● The problem: Every record below should be repeated word for word, with the pictures left out.

(Records excerpted from a collection)
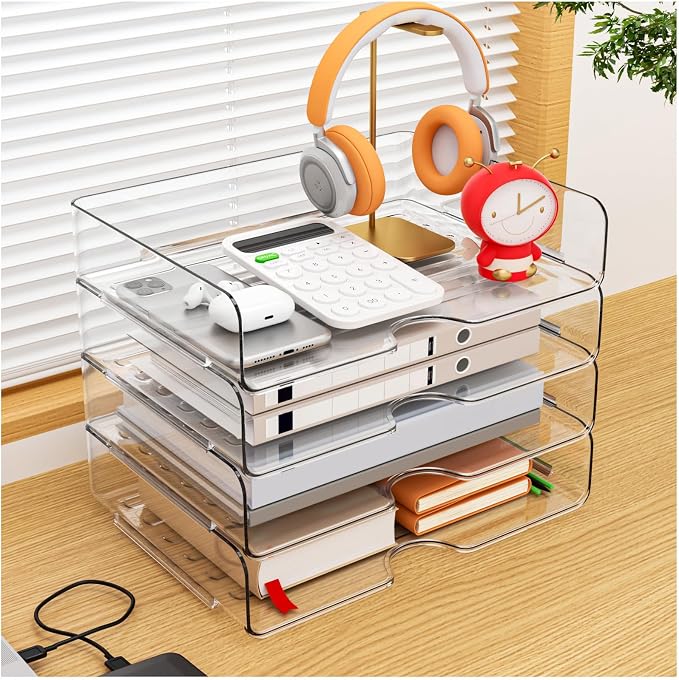 Vivihomety Paper Organizer Letter Tray, 4-Pack Acrylic File Organizer, Clear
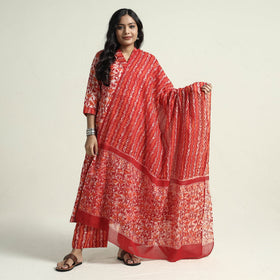 Red - hand batik printed cotton kurta with palazzo &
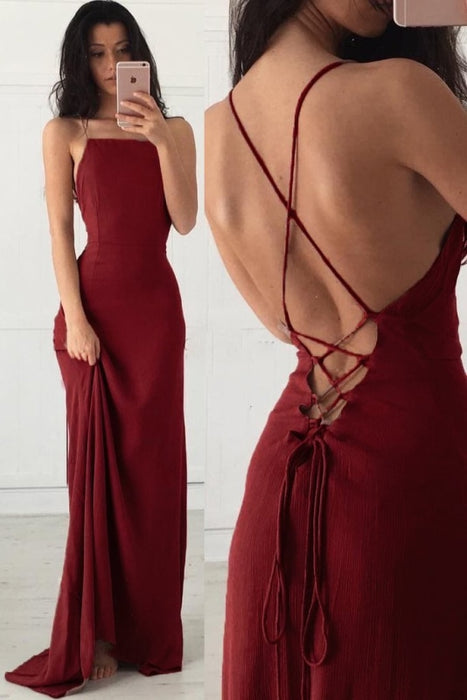 Spaghetti Straps Burgundy Sleeveless Formal Gown Cheap Long Evening Dresses - Prom Dresses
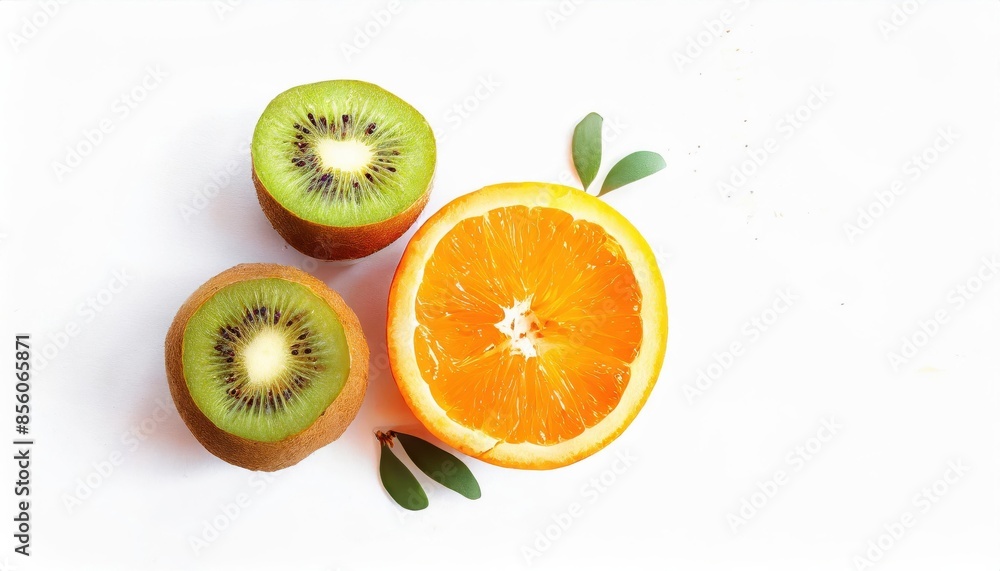 Orange and kiwi isolated on white background Orange and kiwi isolated on white background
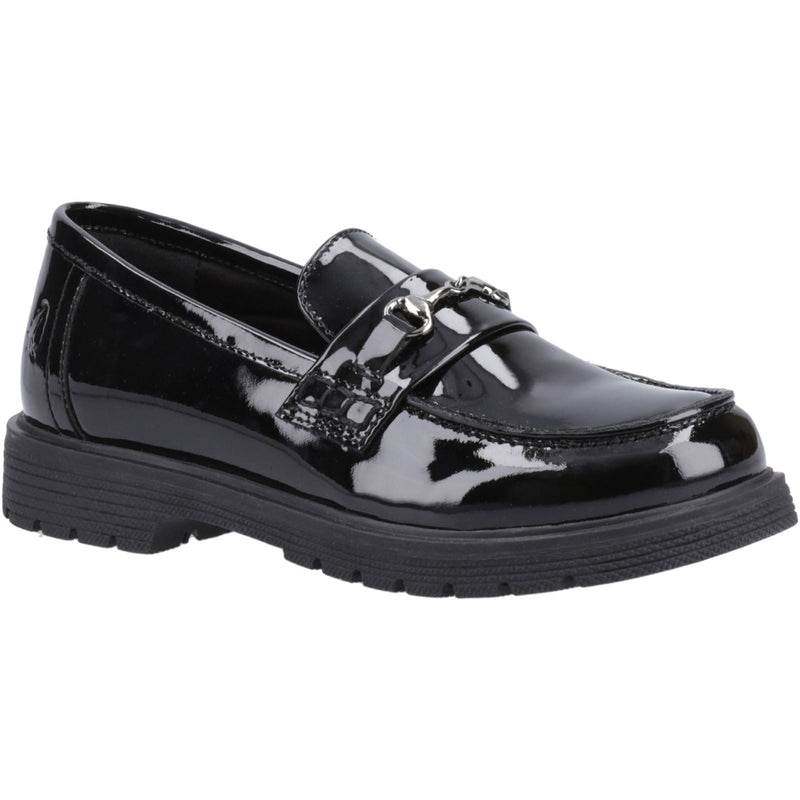 Hush Puppies Lydia Patent Senior Leather Girls's Black Loafers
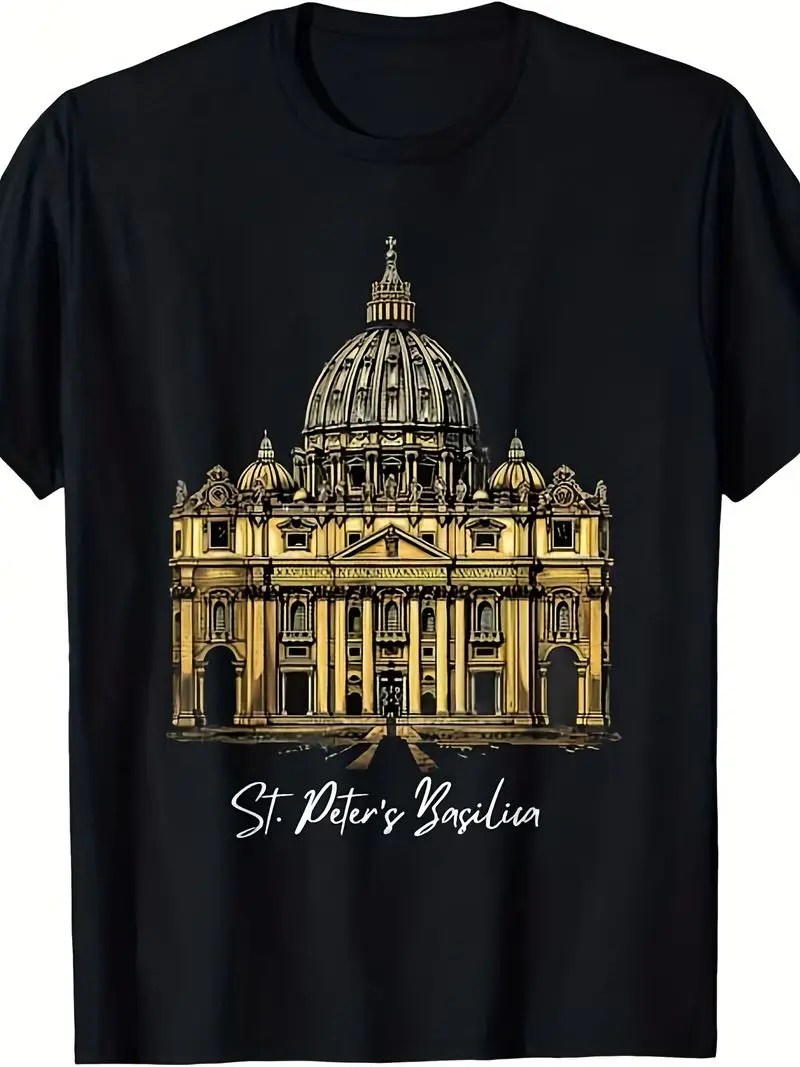 St. Peter's Basilica Vatican Rome T-Shirt - Unisex Catholic Church Souvenir Gift, 220Gsm Pure Cotton Short-Sleeve Round Neck Tee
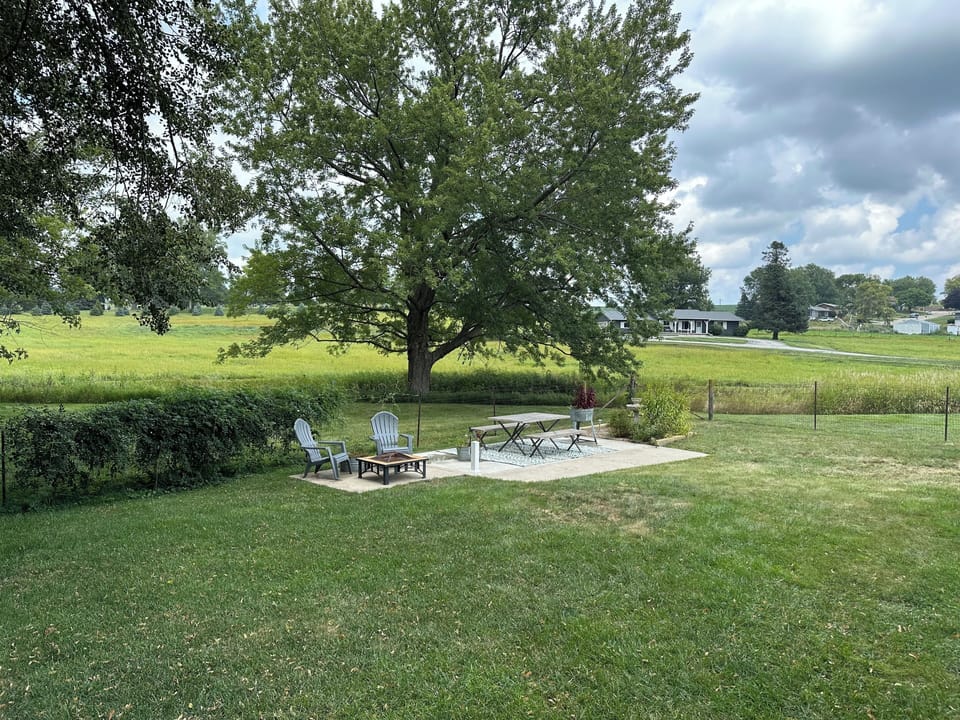 The backyard includes a patio with fire pit and picnic table.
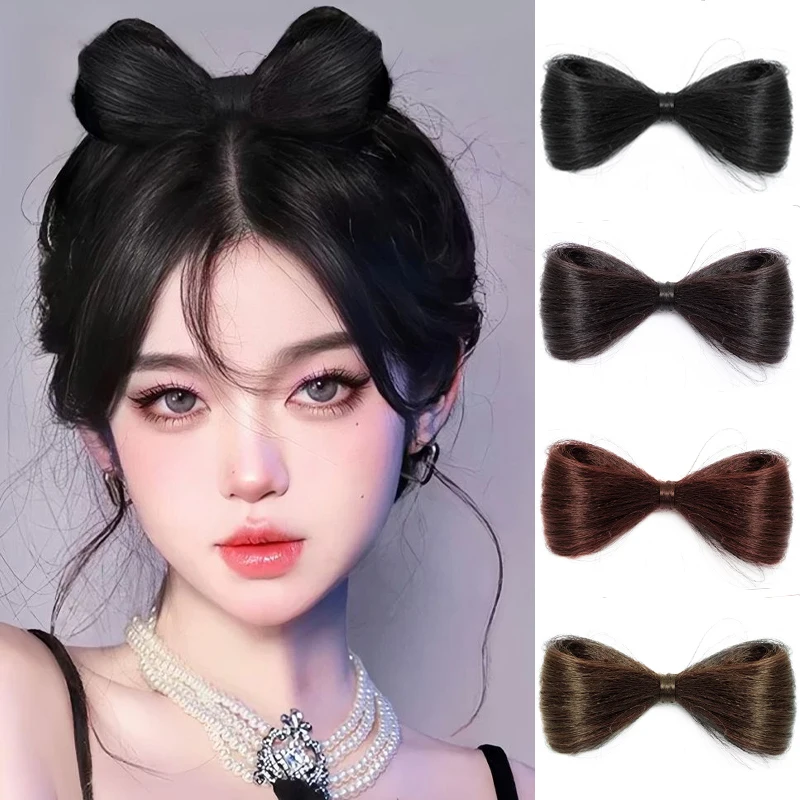 Bow Claw Synthetic Hair Bun Chignon Straight Hair Bun Updo Hairpiece Heat Resistant Fake Bowknot Styling Hair Accessories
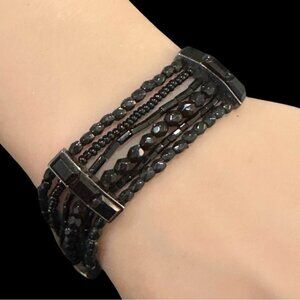 Multi-Strand Black Beaded Bracelet With Silver-Tone Accents & Snap Closure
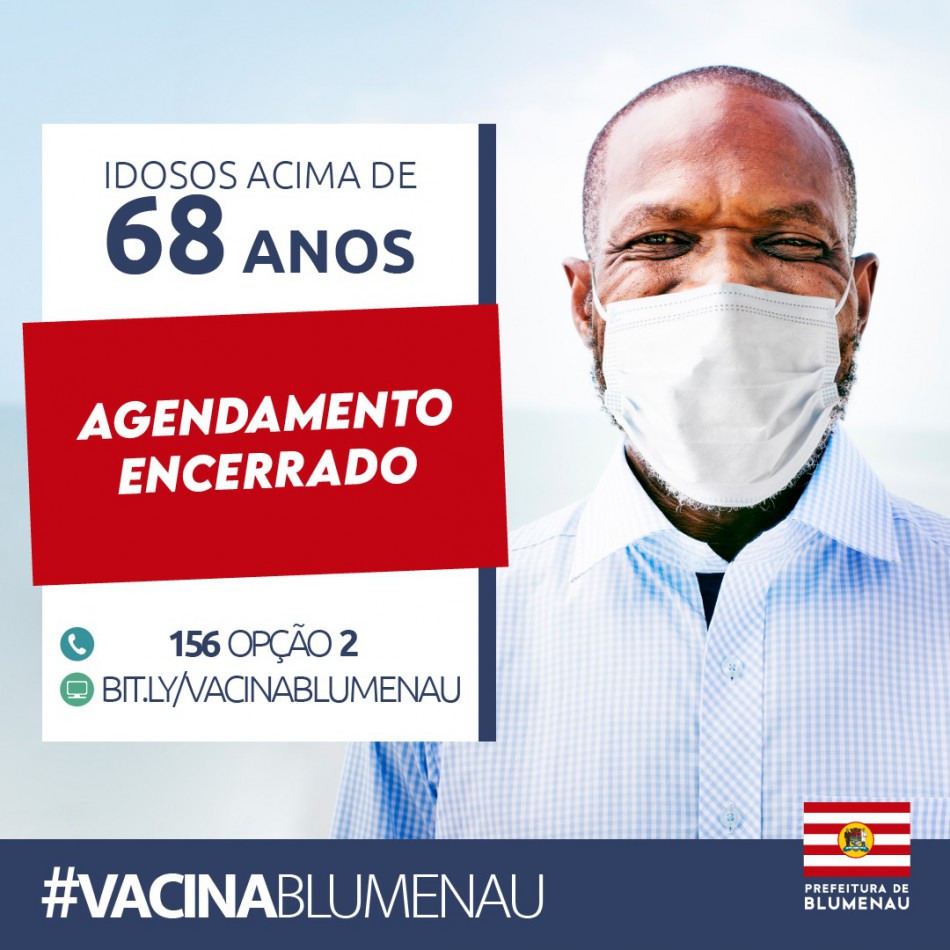 Agendamento da vacinação contra Covid-19 para idosos com 68 anos ou mais encerra após 1,5 mil vagas serem preenchidas
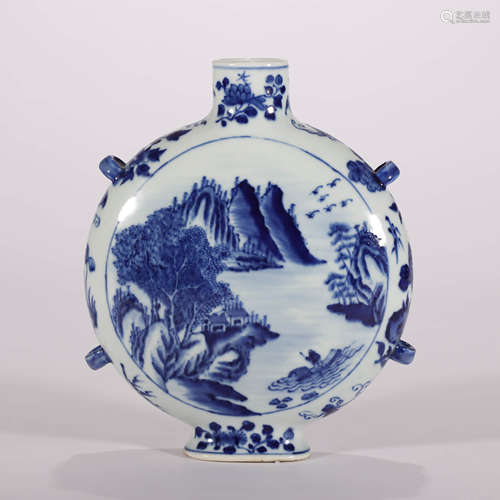 A Blue and White Landscape and Figure Moon Flask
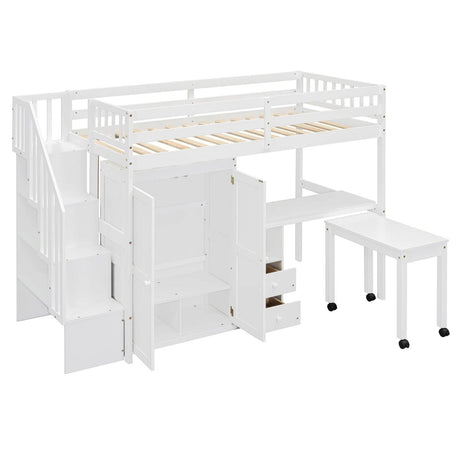 Twin Solid Wood Multifunctional Loft Bed With Storage - Driftwood - Omega Lifestyles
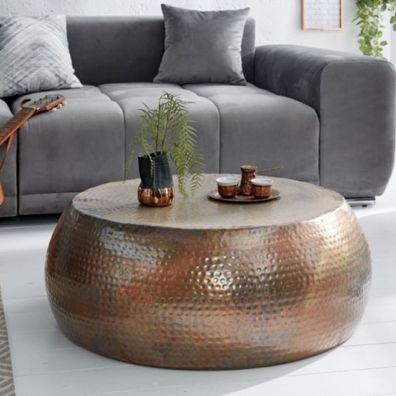 Stylischer Couchtisch Martello No.2 Aluminium ca.80cm kupfer-used Hammerschlag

● Solution to the problem:
 Vivihomety Paper Organizer Letter Tray, 4-Pack Acrylic File Organizer, Clear
 Red - hand batik printed cotton kurta with palazzo &
 Spaghetti Straps Burgundy Sleeveless Formal Gown Cheap Long Evening Dresses - Prom Dresses
 Orange and kiwi isolated on white background Orange and kiwi isolated on white background
 Hush Puppies Lydia Patent Senior Leather Girls's Black Loafers
 St. Peter's Basilica Vatican Rome T-Shirt - Unisex Catholic Church Souvenir Gift, 220Gsm Pure Cotton Short-Sleeve Round Neck Tee
 The backyard includes a patio with fire pit and picnic table.
 Bow Claw Synthetic Hair Bun Chignon Straight Hair Bun Updo Hairpiece Heat Resistant Fake Bowknot Styling Hair Accessories
 Multi-Strand Black Beaded Bracelet With Silver-Tone Accents & Snap Closure
 Agendamento da vacinação contra Covid-19 para idosos com 68 anos ou mais encerra após 1,5 mil vagas serem preenchidas
 A Blue and White Landscape and Figure Moon Flask
 Twin Solid Wood Multifunctional Loft Bed With Storage - Driftwood - Omega Lifestyles
 Stylischer Couchtisch Martello No.2 Aluminium ca.80cm kupfer-used Hammerschlag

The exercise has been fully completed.